Top of RECORDS

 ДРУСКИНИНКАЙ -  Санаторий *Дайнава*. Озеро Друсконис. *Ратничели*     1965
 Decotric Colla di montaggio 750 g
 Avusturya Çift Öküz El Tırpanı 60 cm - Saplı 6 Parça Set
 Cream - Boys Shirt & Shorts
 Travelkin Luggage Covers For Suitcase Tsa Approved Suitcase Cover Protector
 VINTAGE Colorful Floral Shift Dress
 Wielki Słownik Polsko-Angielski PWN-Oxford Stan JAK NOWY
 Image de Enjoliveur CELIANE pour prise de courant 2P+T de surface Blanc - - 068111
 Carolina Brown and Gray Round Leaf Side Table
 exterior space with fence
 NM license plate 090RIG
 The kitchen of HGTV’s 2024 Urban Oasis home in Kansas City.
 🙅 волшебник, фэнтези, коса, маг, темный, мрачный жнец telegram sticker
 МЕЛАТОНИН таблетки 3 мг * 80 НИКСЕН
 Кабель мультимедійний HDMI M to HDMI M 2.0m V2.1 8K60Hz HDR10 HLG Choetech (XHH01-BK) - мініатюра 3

Bottom of RECORDS

ABOUT THIS TASK:
Each line from the start of the records through the line holding "Image de Enjoliveur" must be returned exactly; nothing else belongs in the answer.

EXERCISE RESULT:
 ДРУСКИНИНКАЙ -  Санаторий *Дайнава*. Озеро Друсконис. *Ратничели*     1965
 Decotric Colla di montaggio 750 g
 Avusturya Çift Öküz El Tırpanı 60 cm - Saplı 6 Parça Set
 Cream - Boys Shirt & Shorts
 Travelkin Luggage Covers For Suitcase Tsa Approved Suitcase Cover Protector
 VINTAGE Colorful Floral Shift Dress
 Wielki Słownik Polsko-Angielski PWN-Oxford Stan JAK NOWY
 Image de Enjoliveur CELIANE pour prise de courant 2P+T de surface Blanc - - 068111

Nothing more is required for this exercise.